July 19, 2007


I never happened to have the experience..
Of falling in love.

That I didn't even get many chances is true..
But that's not the end of the story.

The fact is I have resisted every chance..
Like I never let the wine to take over.

And this makes me remember a friend's assertion..
That one doesn't drink only to test one's limits.

You don't drink to feel proud
That it couldn't make you loose control.

Instead, you drink to succumb to it..
And float, and forget.. and remember.

Is it so?

Are unexpressed feelings like a bottle of wine
That you paid for, drank, but couldn't enjoy?

Comments

Posted by .. Vik . at 12:13 AM

 

July 16, 2007


My room has been a terrible mess for the last one month or so. The fact that I had virtually stopped living in it acted as an excuse to let it be one. Until the day before yesterday, when a friend informed he's arriving very shortly. Considering the fact that despite knowing me for 7 years he knows little of the careless me, I decided to let the newly laid tiles shine again by removing the millimetre thick grainular layer of soil best classifiable as sand. Ok. I suck. So what?

Well, my friend is to face his GD/PI for admission in Indian Institute of Mass Communication (Typing sucks, but didn't want you to confuse it with IIM Calcutta. For 'worse' part of my life I've lived in Delhi, and I still am here. Besides, if IIMs would schedule their GD/PI for this time of the year, nothing greater than that. High hopes. Aah.), today and tomorrow, for two different courses. (Already left for the one that's today.) And now you'd think why I'm writing all this. So here it goes: As per the notification by the institute, the results of the written test were to be declared towards the end of June. So, my dear friend started anticipating them from the 18th of June. For 2 weeks he called me up at 8-9 am daily (barring 2-3 days), to ask me to look up on the net if the results were declared. And believe me, more than him it was me who prayed for the results be declared soon. God knows how I managed to act awake when I picked up those phones. After an 'immature death' of my sleep for 4 consecutive days I started putting the phone on silent mode before going to bed. And on days when I had had his missed-calls I would call him back (after the 'natural death' of my sleep) telling him- "Not Yet." I also told him I'd inform him as soon as the results are declared, but no! Call he must.

And finally, the results were declared in the late evening of 30th of June. I didn't happen to access the net till 2 am. And when I finally saw the list, believe me I so wanted he makes it, much more than I would've if I had not devoted 2 weeks of my morning sleep to it. I scrolled down the list and Yo! He made it. He was called for the interview for both the courses he had applied for. I wanted to call him right then, but he was at home and a call on landline at 3 am wasn't a good option. I adjusted my alarm for 6 am. I woke up at 6 and called. He was awake, as usual, my early riser friend.

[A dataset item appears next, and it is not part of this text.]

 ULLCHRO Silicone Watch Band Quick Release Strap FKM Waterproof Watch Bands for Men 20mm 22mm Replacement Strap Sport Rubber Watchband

And well, now he is here, staying with me. He sleeps at 12. I sleep at 3. He wakes up at 6, or atmost, 7. Doesn't leave the bed, just keeps waiting with open eyes for me to wake up. (It's unlike last time when he was here. Then, he'd wake up, turn the computer on, and, when I'd see him, would tell me he needed breakfast). I, in my half-sleep condition, ignore him for an hour or so, but finally give up at 8. Rarely do I wake up at 8.

And now while I finish this post, he must be going through the selection process. Wishing him the best of luck.

Comments

Posted by .. Vik . at 2:50 PM

 

July 6, 2007


Sympathy is like a piece of bread.
People love to soak it in your pain,
'coz this makes it taste better for them.

When you are full of pain,
Dipping the bread spills some of it out.
You feel lighter, and thankful.
But the pain is now all around you,
And nobody soaks their breads in spillover.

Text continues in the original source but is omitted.